As part of trying to sort out what’s important in life, I’m not going to be posting any more Friday Fun videos. Partly because it can sometimes consume and hour or 2 to put the post together (however fun browsing videos online is!) but also because they don’t bring any extra traffic to this blog. My webstats don’t show any kind of peak on a Fridays, which they would if people swung by to check them out. I conclude then, that they aren’t worthwhile and the the time could be better spent doing other things. I am still committed to putting at least one new post up every week however, and will continue to do that.
Having said that, I read this at lunchtime today and thought it was very cool. It’s the actual statement Galileo used to announce to the world that he’d discovered moons around Jupiter. You gotta love the 400 year old language:
I should disclose and publish to the world the occasion of discovering and observing four Planets, never seen from the beginning of the world up to our own times, their positions, and the observations made during the last two months about their movements and their changes of magnitude; and I summon all astronomers to apply themselves to examine and determine their periodic times, which it has not been permitted me to achieve up to this day…
On the 7th day of January in the present year, 1610, in the first hour of the following night, when I was viewing the constellations of the heavens through a telescope, the planet Jupiter presented itself to my view, and as I had prepared for myself a very excellent instrument, I noticed a circumstance which I had never been able to notice before, namely that three little stars, small but very bright, were near the planet; and although I believed them to belong to a number of the fixed stars, yet they made me somewhat wonder, because they seemed to be arranged exactly in a straight line, parallel to the ecliptic, and to be brighter than the rest of the stars, equal to them in magnitude…
When on January 8th, led by some fatality, I turned again to look at the same part of the heavens, I found a very different state of things, for there were three little stars all west of Jupiter, and nearer together than on the previous night. I therefore concluded, and decided unhesitatingly, that there are three stars in the heavens moving about Jupiter, as Venus and Mercury around the Sun; which was at length established as clear as daylight by numerous other subsequent observations. These observations also established that there are not only three, but four, erratic sidereal bodies performing their revolutions around Jupiter.

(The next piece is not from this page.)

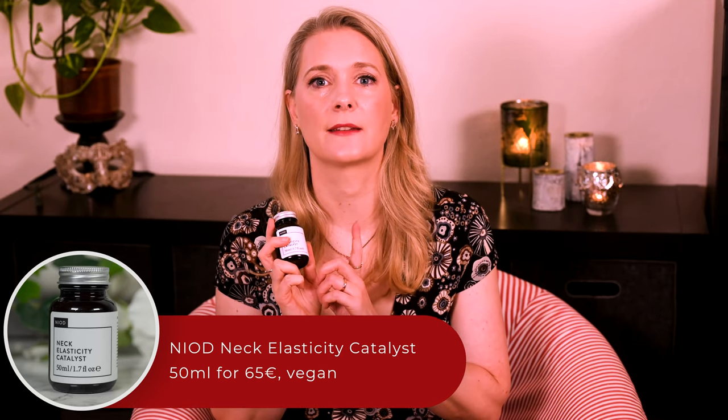About a week ago I talked about the best ways to take care of your neck and chest, and one of the things I mentioned was that no, you do not need to buy specific skincare for that area — at least not in general. Every rule has exceptions. But is the NIOD Neck Elasticity Catalyst one of them?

Galileo Galilei, author of Sidereus Nuncius (‘Starry Messenger’) March 1610
What is most amazing perhaps is that the discovery of the moons of Jupiter, lead to other scientific discoveries and influenced historical events, e.g.:
– a reasonably accurate estimate for the speed of light;
– a calculation of the size of the earth that was only 28km out;
– the determination of the Mason-Dixon line which symbolised the split between northern and southern states that led to the American Civil War.